Closed zamazan4ik closed 2 months ago
Thank you for the great work around PGO and the instructions.
I verified that this project builds with PGO by following the instructions from cargo-pgo
. I'm going to look at setting up the test data when I find the time.
One quick question: Is the test data good enough if I plan to run my current test suite (which has lots of conformance tests), and then on some real projects.
One quick question: Is the test data good enough if I plan to run my current test suite (which has lots of conformance tests), and then on some real projects.
That's a good question. Usually, the test data (mostly unit-tests, I guess) is not a good candidate for collecting PGO profiles since the tests try to cover all cases (including rare corner cases), but for PGO you are interested in optimizing a "happy" path of the program.

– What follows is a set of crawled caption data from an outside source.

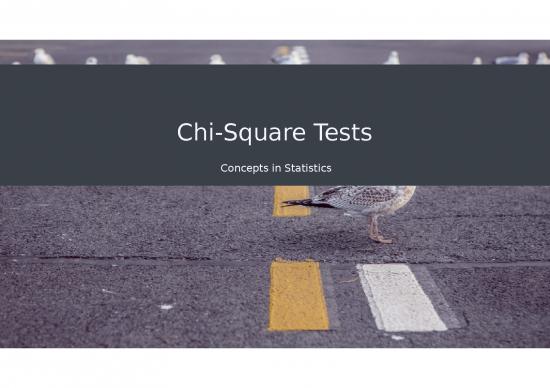 picture Statistic Ppt 69236 | Conceptsinstatistics 11 Chi Squaretests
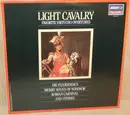 LP - Suppe / Strauss / Offenbach / Dvorak / Berlioz a.o. - Light Cavalry (Favorite Virtuoso Overtures)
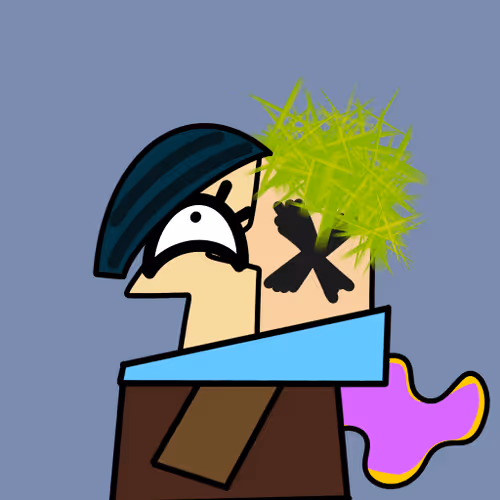 Pfp Origin
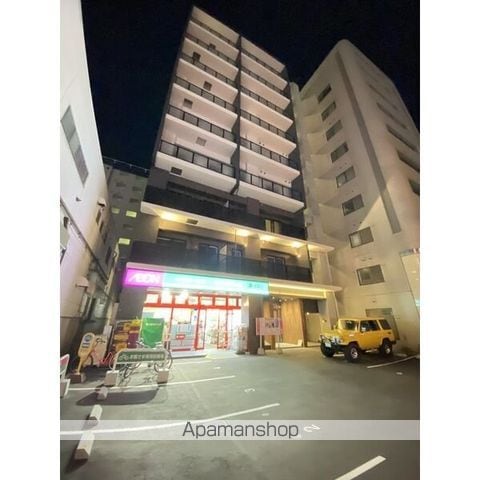 ロックヒルズ札幌の内装写真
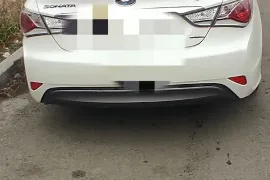 Hyundai, Sonata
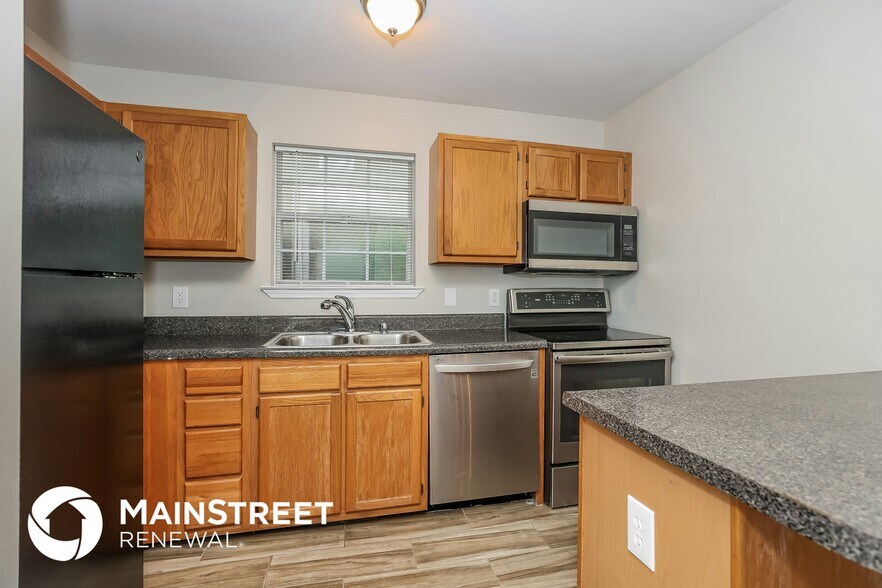 Building Photo - 4141 Pleasant Colony Dr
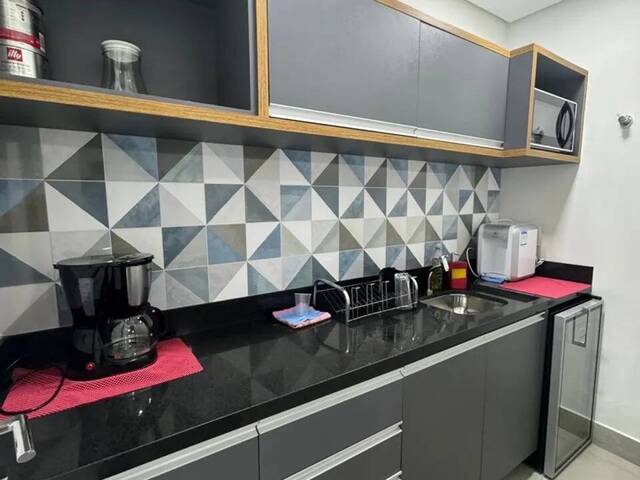 #AP0088 - Apartamento para Venda em Barueri - SP - 2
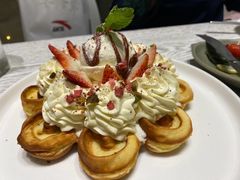 -娜娜家•Nana's restaurant (南开大悦城店)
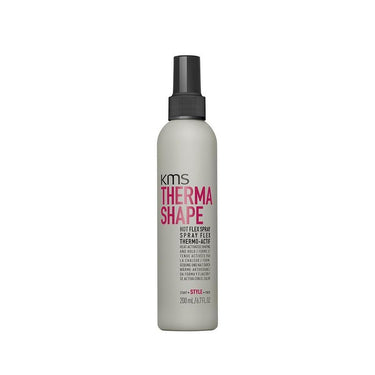 KMS_Therma Shape Hot Flex Spray_Cosmetic World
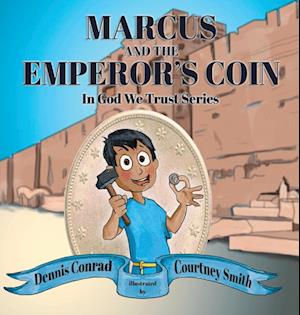 Marcus and the Emperor's Coin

From my experience, the good candidates for collecting PGO profiles are the following workloads:
Close as not planned for now.
I'm satisfied with the current performance of oxc, and I really don't know how to set this thing up easily 😞
@Boshen I just played with PGO locally, and got about 10% perf improvement across all 6 repos I tested.
Both PGO and perf comparison was done using these 6 repositories:
> oxlint --threads=12 --quiet -D all
# before (best of 3): Finished in 2.0s on 34897 files with 220 rules using 12 threads.
# after (worst of 3): Finished in 1.8s on 34897 files with 220 rules using 12 threads.
> oxlint --threads=12 --deny-warnings -c oxlint.json --import-plugin -D correctness -D perf
# before (best of 3): Finished in 136ms on 1525 files with 96 rules using 12 threads.
# after (worst of 3): Finished in 125ms on 1525 files with 96 rules using 12 threads.
> oxlint --threads=12 --deny-warnings --ignore-path=.oxlintignore --import-plugin -D correctness -A no-export
# before (best of 3): Finished in 18ms on 144 files with 93 rules using 12 threads.
# after (worst of 3): Finished in 17ms on 144 files with 93 rules using 12 threads.
> oxlint --threads=12 --deny-warnings -c oxlint.json oxlint src test debug compat hooks test-utils
# before (best of 3): Finished in 18ms on 159 files with 77 rules using 12 threads.
# after (worst of 3): Finished in 16ms on 169 files with 77 rules using 12 threads.
> oxlint --threads=12 --deny-warnings --ignore-path=.oxlintignore --import-plugin
# before (best of 3): Finished in 14ms on 124 files with 93 rules using 12 threads.
# after (worst of 3): Finished in 13ms on 124 files with 93 rules using 12 threads.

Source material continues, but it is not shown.